Begin with the Huangpu, a short (60 miles) dredged tributary of the Yangtze. It originates in Lake Djanshan, which is linked to a network of other lakes and canals, including the Grand Canal. A century ago, several thousand junks were usually tied up here, and some 2,000 larger vessels arrived annually. Arriving at the coast of China, they entered the Yangtze, went upstream two miles, turned into the Hwangpu, and two miles later dropped anchor.
The city's history predates that cavalcade. In the 16th century, the small city of Shanghai ("by the sea") was encircled by a round or barrel-shaped wall, built for protection against Japanese forces and Chinese pirates. The wall came down in 1913-4, soon after the Revolution of 1911, and streets now trace its course. (Canals once crossed the walled city; they, too, are gone.) Here, Renmin ("People's") Road rims the northern edge of the old city.

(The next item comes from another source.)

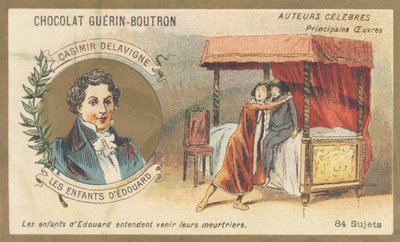 Casimir Delavigne (1793-1843), fransk poet og dramatiker, forfatter av «Les enfants d
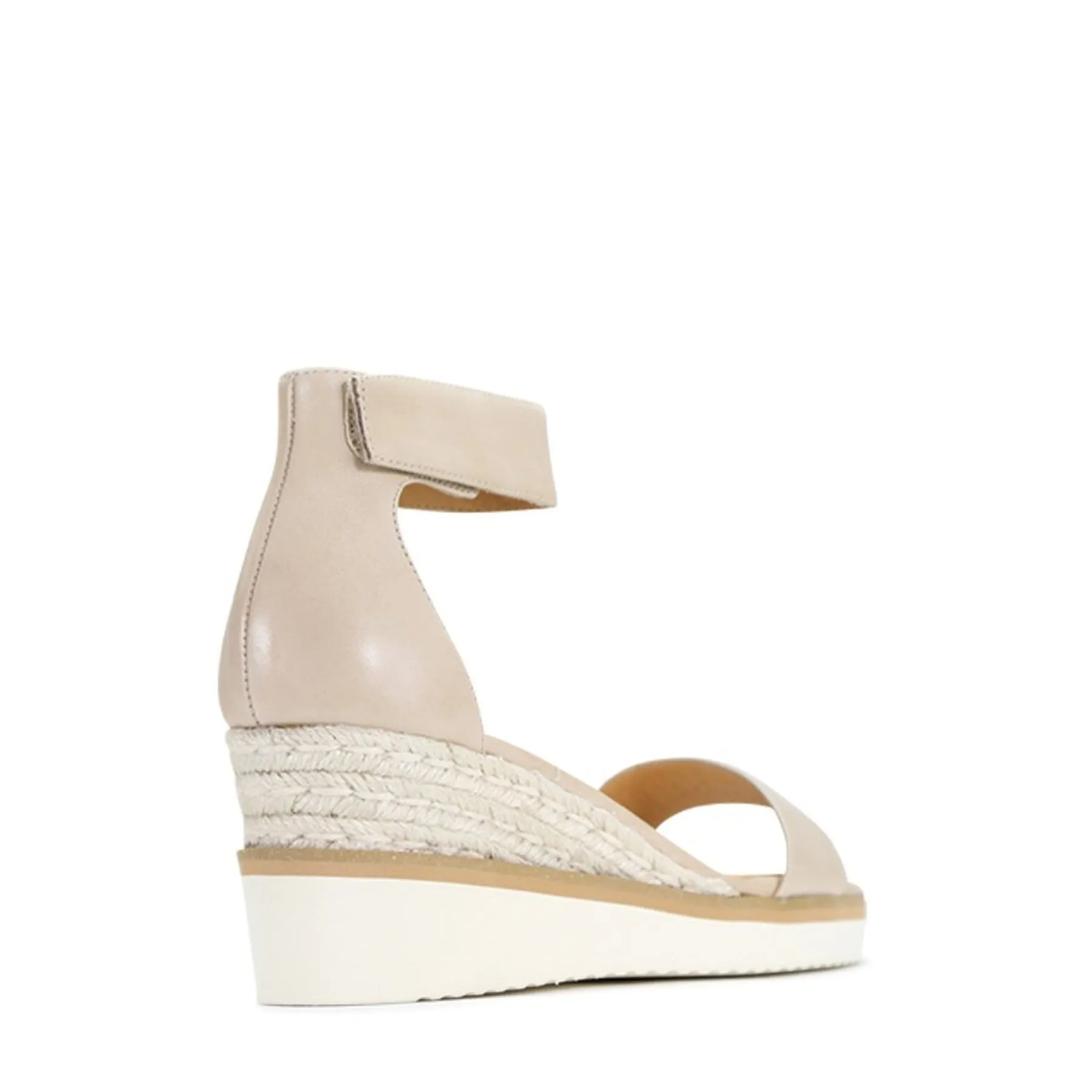 LAZY LEATHER ESPADRILLES SANDALS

The building in the background makes you wish that you had the commission to produce the steel culverts that, turned upright and plastered, magically transform boxes into fiduciary temples.
Not enough to get rid of the wall: Henan Road, shown here, transects the old city north to south, while Fuxing Road cuts east-west.
Tourists come to the old city but are heavily channeled toward the section around the Yu Garden, a much, MUCH modified 16th century private garden.
Outside the garden, you might as well be in a place called Chinatown. It's a commercial district created to evoke China Past. Yes, that's your friend Starbucks.
You want something real? Try the Wen Miao, or Confucius Temple. If you think of the old city as a clock face, then the Yu Garden is about 1 o'clock. You want to come around to 8 o'clock and walk a block in along Wenmiao Street. (Don't walk away from the center or you'll bump into Shanghai's first downtown Wal-Mart supercenter.)
It gets a "10" on Shanghai's Scale of Repose.
If you want a sense of what life is like here, however, penetrate a bit further into the old city and take the first left turn, onto Zhouangjia Lane.
You can't beat markets if you want a sense of community vitality.
Fish, kept alive by tubes pumping fresh air into each tray.
Maybe these ones look a bit healthier.
A bit of this, a bit of that. Quack!
Bones for sale.
Winter sun, with laundry.
Housing often seems to be a hodgepodge.
This is Yaojia Lane, over by "3 o'clock."
Sipailou Road, combining an old-style market with finest Socialist living. That's what comes when you make engineers into architects.